LinuxFilter: What could be causing these strange, unwanted, and annoying X restarts?
I'm experiencing a very peculiar intermittent problem with X restarts, for which I have no explanation and hence no fix. I'm looking for some insight from one of you linux experts out there.
When I'm not traveling I have my laptop (IBM Thinkpad T43p) sitting in a docking station connected to an external monitor. I use this laptop to ssh into remote machines on which I'm actually doing all my work. I forward X and often start up numerous terminals and application windows remotely, which then get displayed on my monitor. One of the applications I use extensively is IDL (a data analysis and visualization tool), which runs in a terminal but also creates its own windows for displaying data and images.
Sometimes when I end one my IDL sessions by typing 'exit' at the IDL prompt this causes my local X session to restart. I get kicked out of gnome and end up at the login screen. This is obviously a big nuisance, since I have to re-login, ssh back into all the external machines, and recreate my whole work environment. Also, unless I happen to be using screen, I've lost what I was doing at the moment. I have to emphasize that this is not exactly reproducible behaviour. It only happens sometimes, seemingly at random. I believe it's somewhat more likely when I haven't been using the particular terminal for a while, but that may just be my imagination.

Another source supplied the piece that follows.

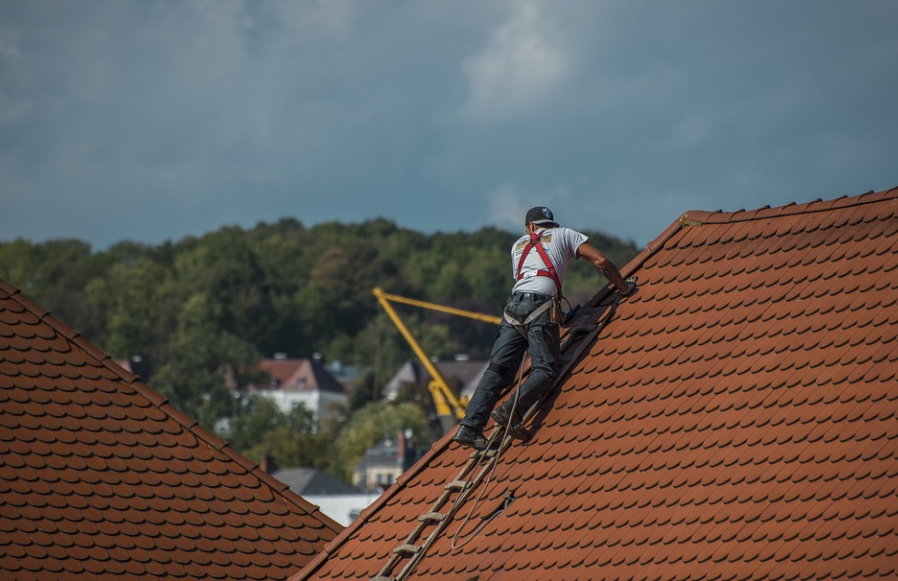 How to Perform Safe Roof Maintenance by Yourself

What I find so strange about this is that issuing a command (typing 'exit') in an IDL session running on a
remote terminal is causing an X restart on my
local machine. It's as if my typing 'exit' in the remote IDL session is sometimes interpreted by my local X as the equivalent of ctrl+alt+backspace. How could that happen? I'm not even sure what component is at fault here: is this a problem with my X server, with ssh X forwarding, with IDL, with the terminal?
I've posted a bugzilla report about this under xorg-x11 (
#483489), but so far nothing has come of it. Like I said, I don't even know if this is an X problem...
Even if you don't know of a solution, I'd just be interested to understand how this could even happen. Thanks.
More information about my setup, in case it's helpful: Fedora 10, kernel 2.6.27.12-170.2.5.fc10.i686, xorg 1.5.3-6. The laptop has an ATI videocard, but I'm not running a proprietary driver. I'm letting my display and videocard be auto-detected (meaning I have no /etc/X11/xorg.conf file).